▶ **RECORDED INFORMATION**:
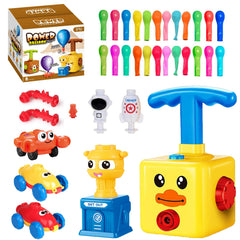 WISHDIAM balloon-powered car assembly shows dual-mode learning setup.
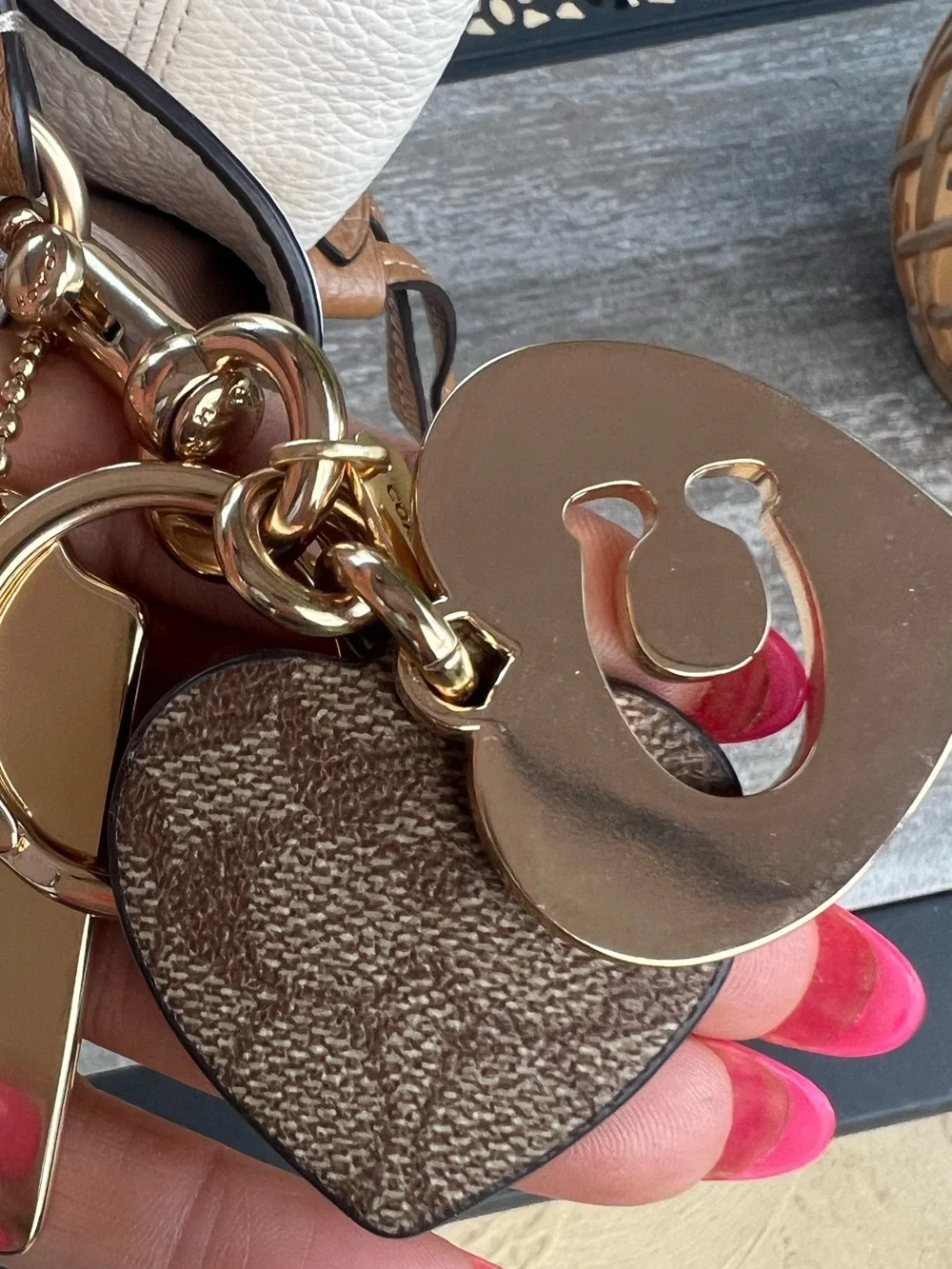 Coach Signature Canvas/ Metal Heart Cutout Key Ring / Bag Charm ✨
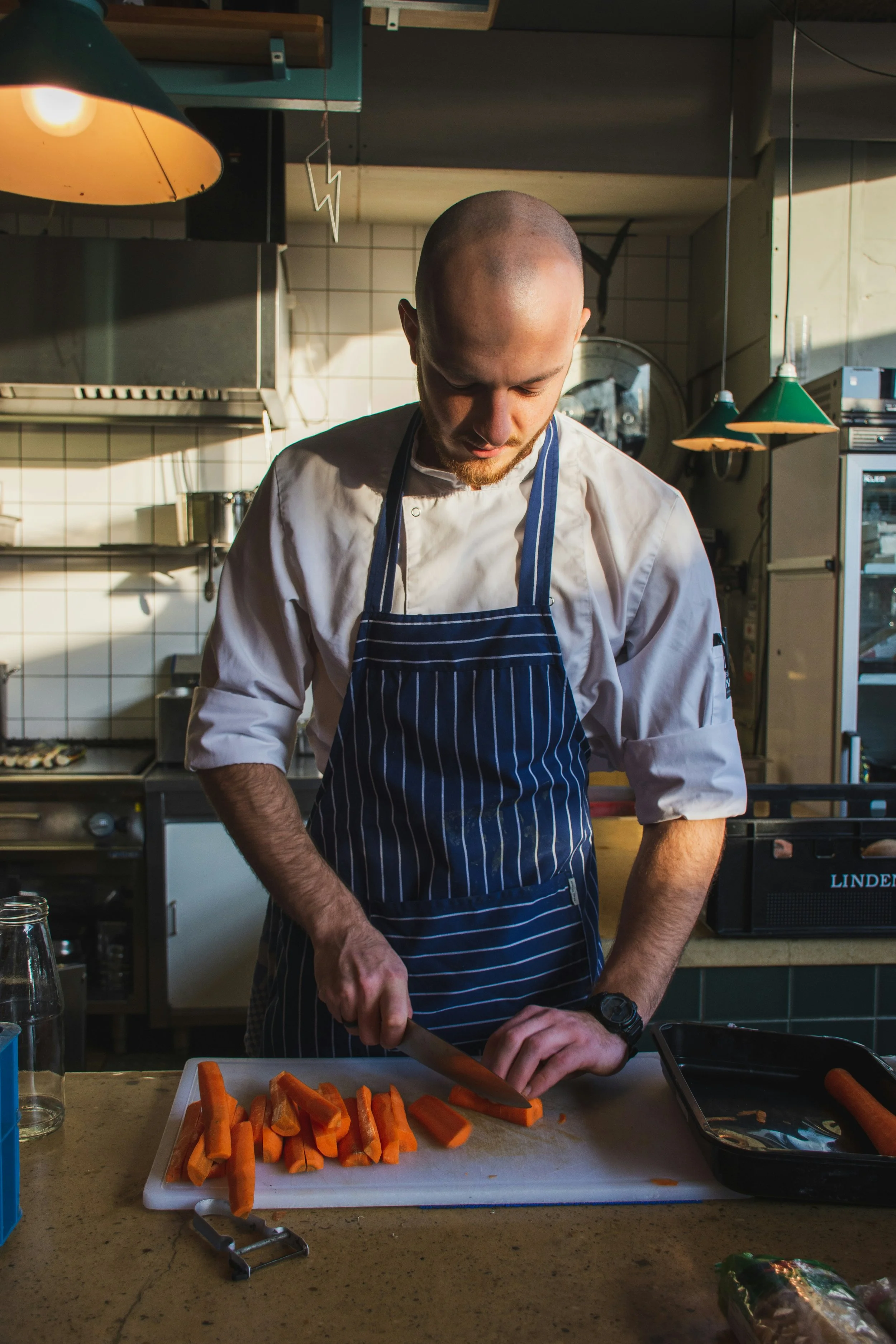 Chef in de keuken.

▶ **WHAT YOU WILL DO**:
Leave the images out and output the remaining material exactly as it stands.

▶ **REPLY**:
 WISHDIAM balloon-powered car assembly shows dual-mode learning setup.
 Coach Signature Canvas/ Metal Heart Cutout Key Ring / Bag Charm ✨
 Chef in de keuken.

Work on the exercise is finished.